Discussion of Common Core to compete with human mic tonight

“The people’s mic” could drown out discussion of curriculum standards at tonight’s unusual Panel for Educational Policy meeting.

The Department of Education has convened an off-schedule and highly irregular PEP meeting just to discuss new curriculum standards that are being rolled out this year.

At most PEP meetings, panel members listen patiently, but mostly silently, to members of the public before signing off on the city’s education policy proposals. Tonight, the panel won’t be voting on anything. Instead, they’ll listen to presentations by the architect of the Common Core standards, David Coleman, and his chief champion at the DOE, Chief Academic Officer Shael Polakow-Suransky. They’ll also sit in on workshops where meeting attendees will practice the same skills city students are being asked to bolster this year.
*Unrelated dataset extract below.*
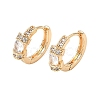 Brass Micro Pave Cubic Zirconia Hoop Earrings KK-CBAD29A-05G-4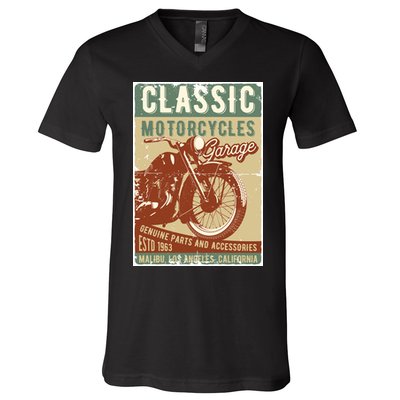 Classic Motorcycles Garage V-Neck T-Shirt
And they will answer questions from the public for 25 minutes.

The city is requiring attendees to submit questions on index cards, and officials say the questions that get read aloud will likely be limited to ones that relate to curriculum.

That won’t stop some attendees who have been planning since last week to apply the tools of the Occupy Wall Street movement at the PEP meeting. Activists in the “Occupy Public Education” outgrowth plan to bring “the people’s mic” to the meeting, which obviates an actual microphone because humans, rather than electronics, amplify what is said.

Occupy Public Education also plans to make waves outside the Seward Park campus, where the meeting is being held, by conducting a “teach in,” according to Julie Cavanagh, a teacher-activist who has helped organize the efforts. The teach-in is set to focus on budget cuts, class size increases, high-stakes testing, and other issues.

And some individual community members say they have been empowered by the “Occupy” movement to bring their specific concerns to the chancellor.

Jose Gonzalez, a father of two, plans to protest the way his school, P.S. 73 in the Bronx, has managed parent involvement. Gonzalez said the parent-teacher association has not communicated financial matters to PTA members in accordance with city rules. On Saturday, Gonzalez emailed his concerns to Schools Chancellor Dennis Walcott directly. On Monday he launched a protest, complete with hunger strike, in front of P.S. 73. And tonight, he plans on occupying the PEP.

“Citywide and nationwide we’re talking about the 99 percent and accountability and responsibility of funds and money,” Gonzalez said. “How can we be fighting citywide and nationwide if we as individuals aren’t doing anything in our own schools?”